- **Work instruction**
Each line of the records that holds the word "Close" should be copied out.

- **Input data**
════════════════════

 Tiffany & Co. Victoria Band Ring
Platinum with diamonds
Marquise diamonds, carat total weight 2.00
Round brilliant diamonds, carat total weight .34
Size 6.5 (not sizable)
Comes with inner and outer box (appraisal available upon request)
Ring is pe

════════════════════

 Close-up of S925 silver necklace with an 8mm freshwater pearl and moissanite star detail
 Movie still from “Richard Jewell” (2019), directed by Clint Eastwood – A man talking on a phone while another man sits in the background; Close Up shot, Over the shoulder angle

════════════════════

- **Response**
 Close-up of S925 silver necklace with an 8mm freshwater pearl and moissanite star detail
 Movie still from “Richard Jewell” (2019), directed by Clint Eastwood – A man talking on a phone while another man sits in the background; Close Up shot, Over the shoulder angle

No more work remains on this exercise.